UC Berkeley, for instance, was hit by a last-minute enrollment loss of about 800 students last fall — costing the campus $60 million in nonresident student tuition, Chancellor Carol Christ told UC regents last year. As a result, Berkeley offered admission to 571 more waitlisted students than in 2019.
To ensure enrollment goals can be reached, several UC campuses extended at least the same number or more of waitlist offers this year, officials said.
“Unpredictable isn’t a strong enough word to describe last summer,” said Gary Clark, UCLA director of undergraduate admissions. “There are some years when we go to the waitlist for a good number of students, but there are other years when ... there may be very, very few waitlist offers. So what happens in a previous admission cycle is not a predictor of what’s going to happen in a future admission cycle because every year is going to be different.”
UC Santa Barbara offers an extreme example. Last year, the university extended admission offers to 97% of wait-listed students, rocketing from 10% the previous year. Campus admissions director Lisa Przekop said she doesn’t expect that spike to happen again this year but her team has expanded the waitlist again to hedge their bets.
“The big question that we’re all very nervous about is we don’t know what the student behavior will be,” she said.
The pandemic has upended traditional indicators that helped the guesswork. Without actual campus tours and open houses, it’s more difficult to gauge student interest, Przekop said. Although UC intends to carefully reopen this fall with some campus dorming and in-person classes, an unexpected surge in COVID-19 cases could cause another shutdown and loss of students. The economy is improving, but should it take a turn for the worse and students leave school, that, too, could affect waitlist action.

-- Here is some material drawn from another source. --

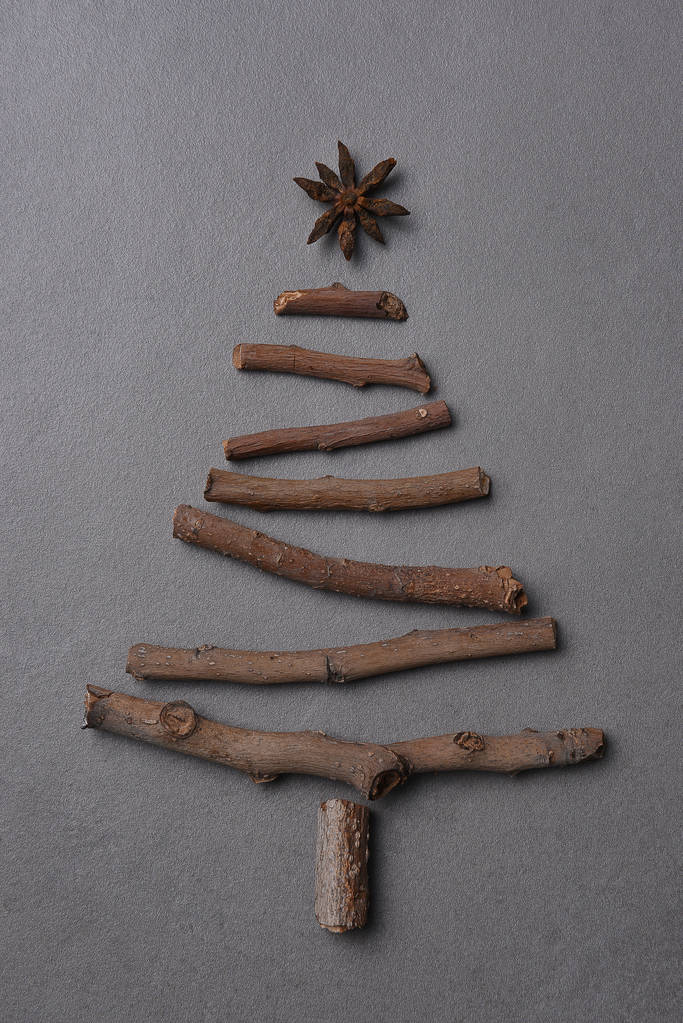 Christmas tree shape made with twigs and a star of anise seed.  - Photo, Image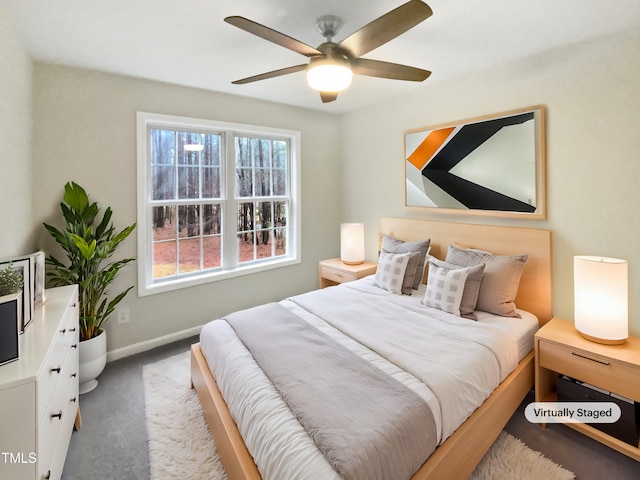 carpeted bedroom featuring a ceiling fan and baseboards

“Are we on the other side of the pandemic? Is the economy strong enough? Who knows?” said Adele Brumfield, UC San Diego associate vice chancellor of enrollment management. “My job and the job of my team is to guard against the unknowns to make sure that we have enough students in the hopper. But I do feel confident that we will meet our enrollment goal. That’s the blessing of having such a robust applicant pool with so many talented students.”
But being a member of the waitlist pool can be disheartening. Anika, for instance, has committed to Irvine but is hoping to get off the waitlist at Davis, her top choice because of the green campus environment, highly rated medical school and rich variety of classes that fit her plans for a psychology major.
“I was happy I got some acceptances but bummed that I need to wait more,” Anika said. “The waitlist process is very long and grueling.”
Some students aren’t willing to wait around. Nichola Soleta, a Buena Park High senior, had hoped she would win admission to a UC campus with her 3.8 GPA, unusual life living around the world with two mothers in the military, varsity cheer, a clothing business startup, and leadership in yearbook and other school clubs. But she was denied at Berkeley, San Diego and Irvine and wait-listed at Santa Barbara and Riverside.
She regards Santa Barbara as the best fit because it offers an elementary education program perfectly suited to her career goals. But she’s decided to commit to Cal State Fullerton, which offers a similar teaching program, and doesn’t plan to change her mind.
It’s not what she imagined for herself. She always expected to go to a UC school, she said, with the prestige, the connections, the independence of living in student housing away from home.
“The way that we’re raised, especially in California, is that you’re told that UC is the best school you could possibly get into that’s not an Ivy League,” Nichola said. “But when I look at the fact that I got wait-listed, it kind of gives you the sense that I wasn’t enough. I feel a greater worth at a school that accepted me, like they value you.”
For high school teachers and counselors, such stories are becoming more common every year as competition for UC seats intensifies. Ten years ago, for instance, 28% of Santa Monica High applicants to UCLA were admitted; that declined to 18% last year. Although final admission numbers for this year aren’t in, school officials say the outcomes seem even worse.
“This year was really brutal,” said Claudia Bautista-Nicholas, a Santa Monica High Spanish teacher. “A lot of kids got turned down by every UC they applied to. Sadly, April has become depression month for us now because they get all these rejections.”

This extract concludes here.